Cuando yo llegué a Tánger en 1954 para suceder a Rubén Lores en el pastorado de la Iglesia, ejercía como interino
Ramón Fernández. ¡Gran hombre! Procedía de La Mancha. Había estudiado en la Escuela de Valdepeñas, donde misioneros ingleses como Buffard y Brown realizaron una labor extraordinaria.
Juntos compartimos el trabajo de la Iglesia Bíblica durante seis años. Era mayor que yo y en su experiencia me apoyaba. Humilde, afable, comprensivo, me dejaba hacer. Yo era la estrella que brillaba en el púlpito; él era el verdadero pastor de almas que visitaba, aconsejaba, vivía pendiente de cada oveja y curaba a los enfermos.
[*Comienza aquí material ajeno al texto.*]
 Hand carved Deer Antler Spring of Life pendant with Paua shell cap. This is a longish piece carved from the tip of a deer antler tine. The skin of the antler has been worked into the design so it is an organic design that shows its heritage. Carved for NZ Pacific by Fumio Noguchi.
Cuando los españoles abandonaron Marruecos Ramón fue llamado a Santa Cruz de Tenerife para trabajar con la Iglesia que se reúne en el número 17 de la calle Alcalde Mandillo Tejera. Allí se trasladaron los cuatro miembros de la familia. No exagero si digo que Ramón desarrolló una labor impresionante en aquella Iglesia. Todos le querían. El y la única mujer que siempre amó, Paca, están enterrados en la capital tinerfeña, donde viven sus dos hijas, Ester y Nohemí. Están enterrados, pero no del todo. Queda un agujero del tamaño de sus cuerpos por donde volverán a la vida cuando escuchen la llamada del Maestro.
“Y Jesús les dijo: ¿Creéis que puedo hacer esto?”.